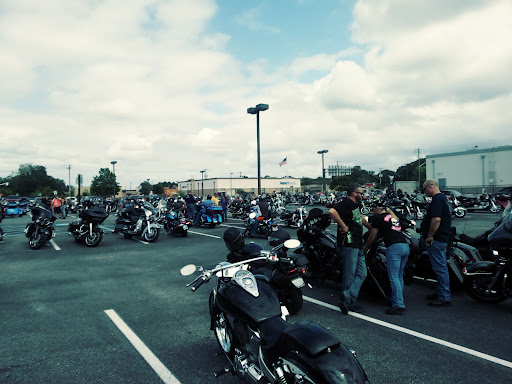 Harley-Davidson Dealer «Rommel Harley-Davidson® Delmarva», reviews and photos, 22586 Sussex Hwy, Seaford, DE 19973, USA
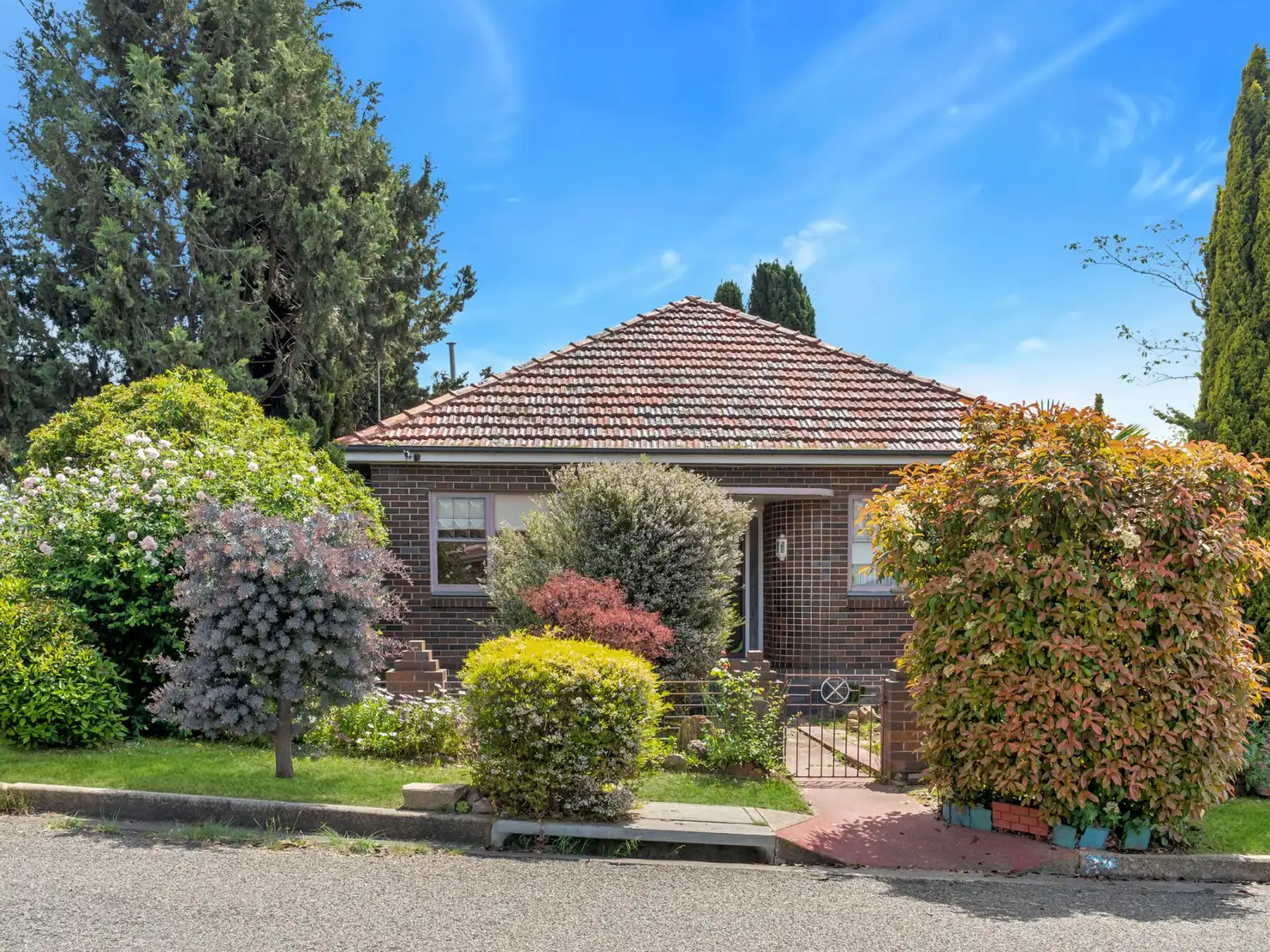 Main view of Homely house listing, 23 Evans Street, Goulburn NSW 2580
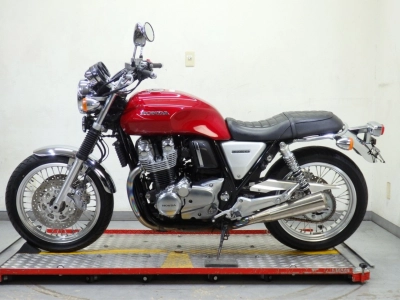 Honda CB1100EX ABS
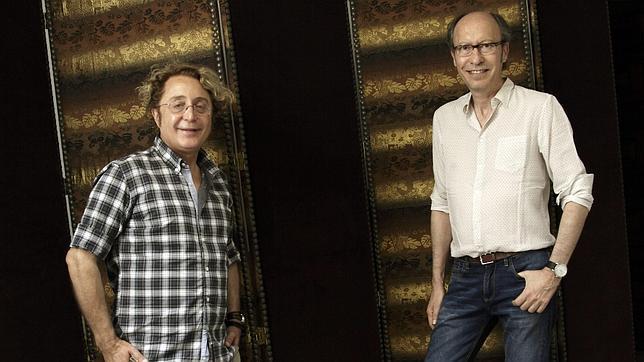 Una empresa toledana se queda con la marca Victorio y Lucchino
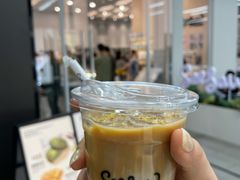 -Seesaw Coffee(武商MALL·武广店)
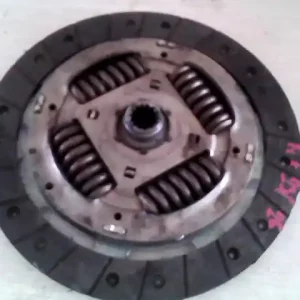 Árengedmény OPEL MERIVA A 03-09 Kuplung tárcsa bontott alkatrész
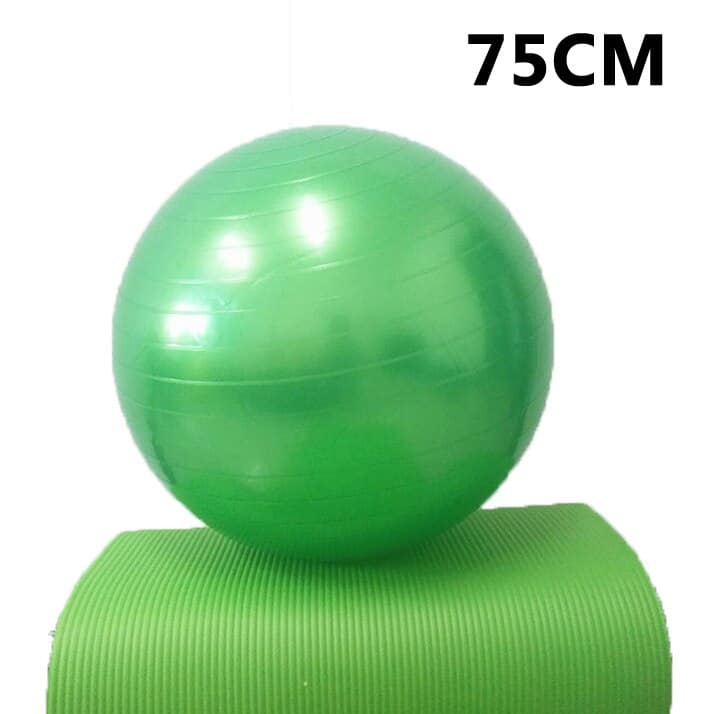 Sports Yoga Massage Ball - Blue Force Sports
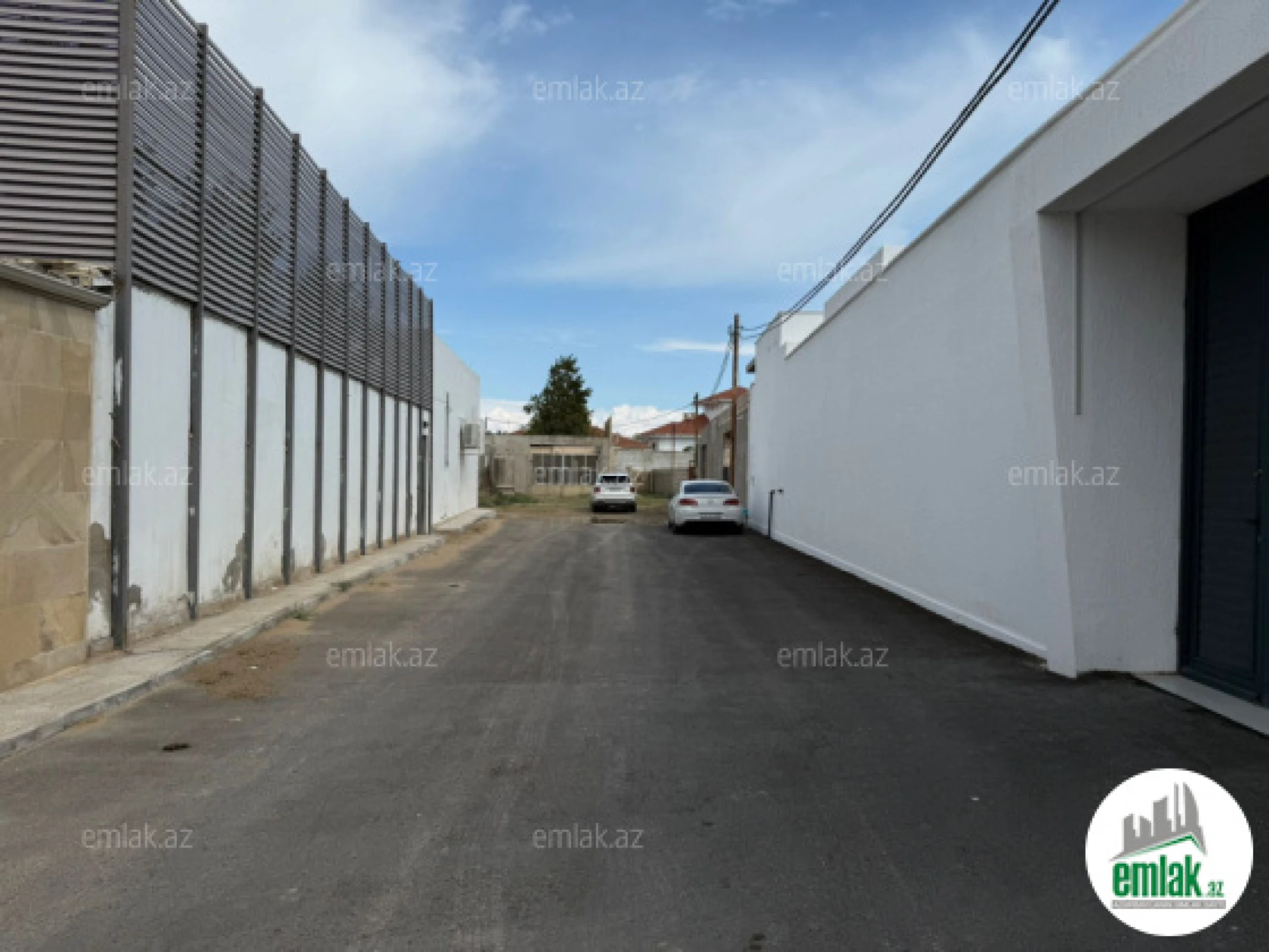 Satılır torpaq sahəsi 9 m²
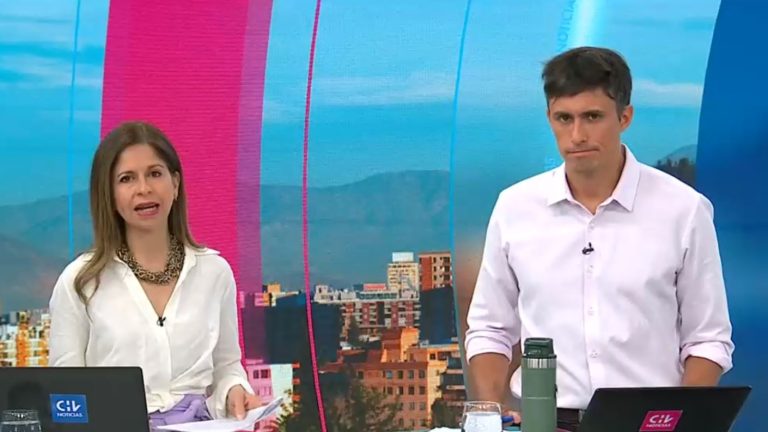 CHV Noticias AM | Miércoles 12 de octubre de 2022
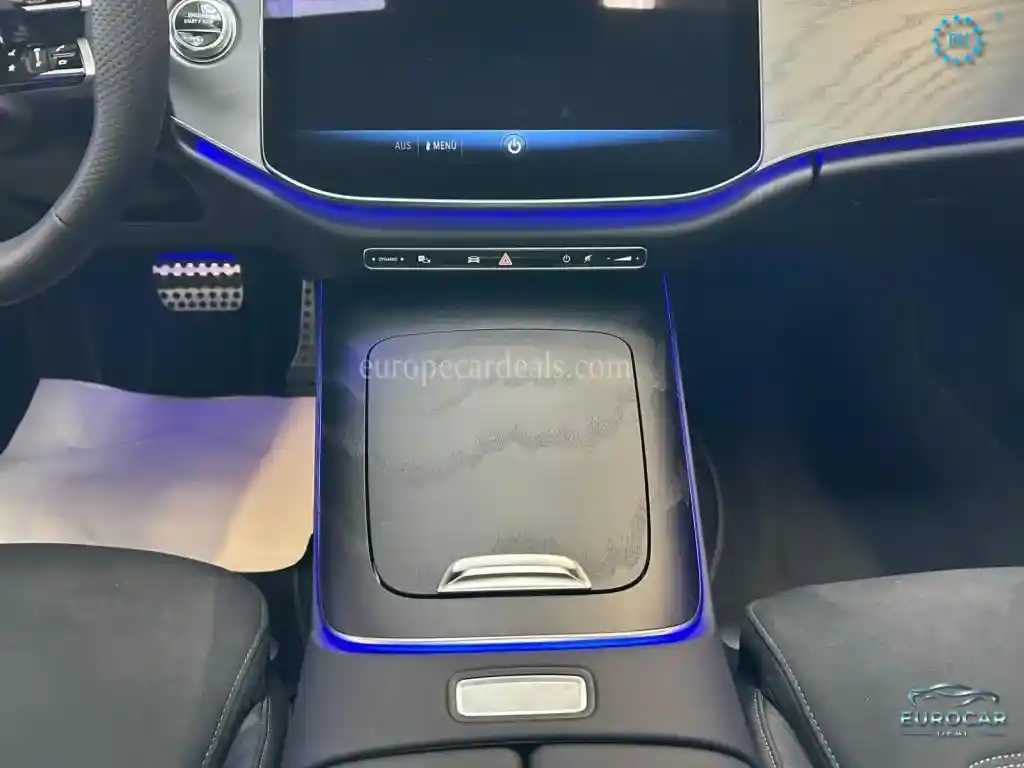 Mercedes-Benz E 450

━━━━━━━━━━━━━━━━━━━━

» **TASK BRIEF**
Look above for the line holding "Una empresa toledana" and output everything from it down to the line holding "Satılır torpaq sahəsi 9 m²", both ends included, exactly and without images.

» **RESULT FOR THIS TASK**
 Una empresa toledana se queda con la marca Victorio y Lucchino
 -Seesaw Coffee(武商MALL·武广店)
 Árengedmény OPEL MERIVA A 03-09 Kuplung tárcsa bontott alkatrész
 Sports Yoga Massage Ball - Blue Force Sports
 Satılır torpaq sahəsi 9 m²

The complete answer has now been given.